Solid planning and preparation
Most people think you need vast experience to be a master negotiator, but this isn’t the case as it takes tenacity and solid preparation to get the message across powerfully and succinctly, identify the motivators that will resonate with the other side, anticipate any objections and finally come to mutually desirable terms.
Preparation involves gathering as much relevant information before the meeting even takes place. Finding out the other side’s needs, the pressures they are under, the options they have, etc. It’s practically impossible to make accurate decisions without an understanding of the other negotiator’s situation. Put simply, the more information you have about the other side, the stronger your position will be to secure the outcome you require.
Building strong relationships
In negotiation, as in business in general, one of the most important and helpful things that you can do is to build strong relationships.
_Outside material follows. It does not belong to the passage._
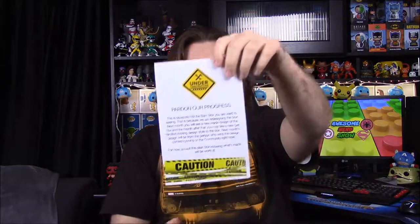We waited to open this thing because it's now a new month. This is the May box and it's June, so I don't remember exactly what's in here because everything they advertise is for the June box. But we got an 'under construction' notice from the Bam Box.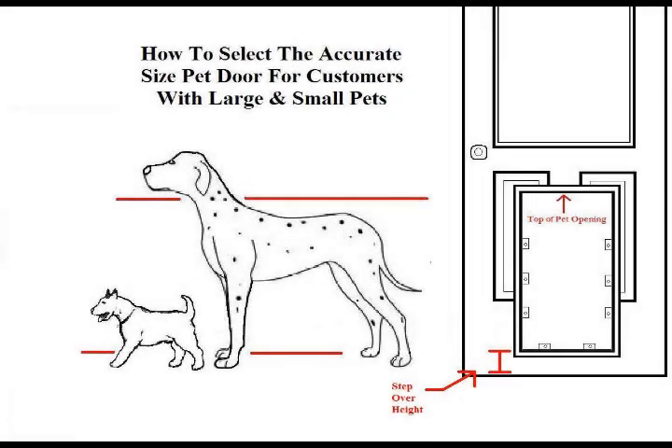For those customers who have both large and small breed pets, you will want to select the pet door opening that will provide the tallest pet with 2 inches of clearance for his or her shoulders, and yet remain close enough to the ground for the smaller breed pet to comfortably step through.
Key to this is to find out something about the other negotiator’s life outside of their business. A great deal of useful information crops up in casual conversation, including what motivates them, irritates them, their values, etc. The art of being a master negotiator is to use what you have learnt in these conversations to maximum advantage.
If you don’t ask, you won’t get
A simple truth in negotiation is that you must ask for what you want. Although this may sound trite, in practice it can be a very daunting prospect as people naturally fear rejection and instinctively refrain from asking for things in life so as not to appear “greedy”. It’s important to remember that in the world of business, rejection is never personal. If you hear “no”, the other side is rejecting the offer, not you. Always understand that if you don’t ask, you simply won’t get — and the only way to master rejection is to keep getting rejected and then to keep on asking.
The 70/30 Rule
Listening is a basic skill and the absolute bare minimum that you must have to start building on your skills as a master deal-closer. To be a good negotiator, you must learn how to listen to the other side and apply what you hear when you make your next move. During a negotiation, the other side will tell you everything you need to know, and all you have to do is listen. Be an effective listener by letting the other side do most of the talking. Simply follow the 70/30 Rule; listen 70% of the time, and talk just 30%.
Show the other person how their needs will be met
Everyone’s view of the world is different, and powerful and influential negotiators always look at the situation from the other side’s perspective. Instead of focusing on trying to win the negotiation, they try to understand the other negotiator and show him or her ways to feel “satisfied”. In this way, your opponent will be more inclined to help you “satisfy” your needs.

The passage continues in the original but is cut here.